Garlic is one of nature’s most impressive foods, and one that has been treasured for its medicinal properties for centuries. In ancient times, Greek and Roman soldiers ate garlic before going off to war, and it was reportedly given to the slaves who built the Egyptian pyramids in order to enhance their strength and endurance.

The first thing that comes to many people’s minds when thinking about garlic is, of course, the smell. That’s why this herb is affectionately known as “the stinking rose.” But the sulfur-containing compounds that make garlic smelly also impart many of the health benefits.

One of these compounds is allicin, and researchers have just revealed as allicin decomposes, it generates a potent antioxidant that rapidly reacts with dangerous free radicals in your body. Allicin, along with other potent antioxidants in garlic such as alliin and ajoene, combine to make garlic one superfood you may want to consider eating more of.

The Many Health Benefits of Garlic

Garlic is a triple-whammy: it’s antibacterial, antiviral and anti-fungal. Studies have even found it is effective at killing antibiotic-resistance bacteria, including MRSA, and for reducing fungal infections, such as yeast infections, and fighting viruses and parasites.

But that’s only the beginning. Garlic is great for your heart, as it helps to induce the relaxation and enlargement of blood vessels, which improves blood flow throughout the body. This can help to prevent a potentially deadly form of high blood pressure, as well as heart attack and stroke.

Garlic also inhibits the formation of plaques in your arteries, and prevents cholesterol from becoming oxidized, a condition that may contribute to heart disease.

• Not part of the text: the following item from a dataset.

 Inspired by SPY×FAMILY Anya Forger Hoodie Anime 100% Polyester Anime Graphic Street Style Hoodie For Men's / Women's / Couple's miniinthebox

Garlic May Even Fight Cancer

People who eat the most garlic and onions (a close family member to garlic) have increased protection against at least five forms of cancer, according to Italian and Swiss studies, including:

• Esophageal cancer
• Colon cancer
• Breast cancer
• Ovarian cancer
• Prostate cancer

It also appears that allicin may be useful as a cancer treatment. When alliinase and alliin (the two components that covert to allicin) were injected into a tumor cell, the reaction not only penetrated the cell but also killed it.

Garlic and Weight Loss

Garlic is good for your heart, fights viruses and bacteria, and may even prevent cancer. Is it possible that it could also help you lose weight too? Well, an interesting study published in the American Journal of Hypertension found allicin was very good for the weight of animals fed a fructose-rich diet.

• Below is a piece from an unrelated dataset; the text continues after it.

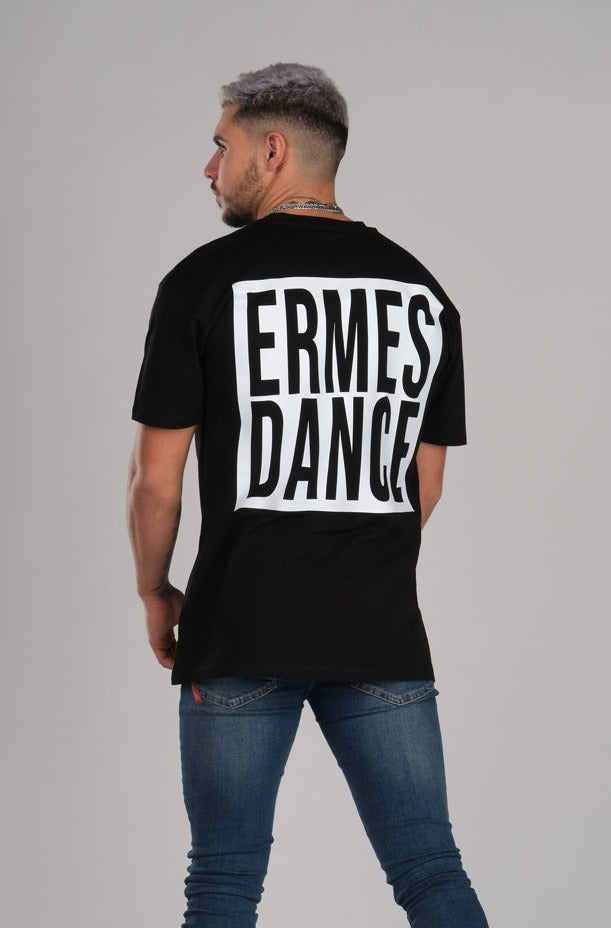 Square Ermes Dance Oversize Black T-Shirt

Not only did the garlic compound lower blood pressure, insulin and triglycerides, but it also helped to control weight. While the animals being fed only the fructose-rich diet gained weight, those whose diets were supplemented with allicin did not, and some even lost weight.

While I still don’t recommend you use garlic to stave off the health risks of eating too much fructose, it certainly lends even more credibility to this powerful herb.

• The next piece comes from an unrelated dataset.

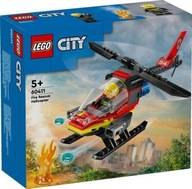 Hasičský záchranársky vrtuľník Lego CITY 60411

Are Garlic Supplements as Good as Fresh Garlic?

In many cases, eating whole foods is a far better approach to taking a supplement, and in the case of garlic this is especially true.

Typically garlic must be crushed or chopped in order to stimulate the process that converts alliin into the beneficial allicin. Once the garlic is cut, the active compound  in garlic loses potency rapidly and will all but disappear within about an hour of chopping.

So the best way to eat garlic is to take a whole, fresh clove, chop it, smash it or press it, wait a few minutes for the reaction to occur, and then eat it. If you use jarred, powdered, or dried garlic, you will not get all the benefits that fresh garlic has to offer.

Some of you might be wondering about the odor that may arise from eating raw garlic. As even with all the health benefits, most people don’t want to walk around smelling like a clove of garlic all day.

Well, I have frequently eaten raw garlic for quite some time now, and can say from personal experience that generally a few cloves a day are tolerated by most people. If you develop a socially offensive odor, cutting back slightly on the amount you’re eating should cause the odor to go away.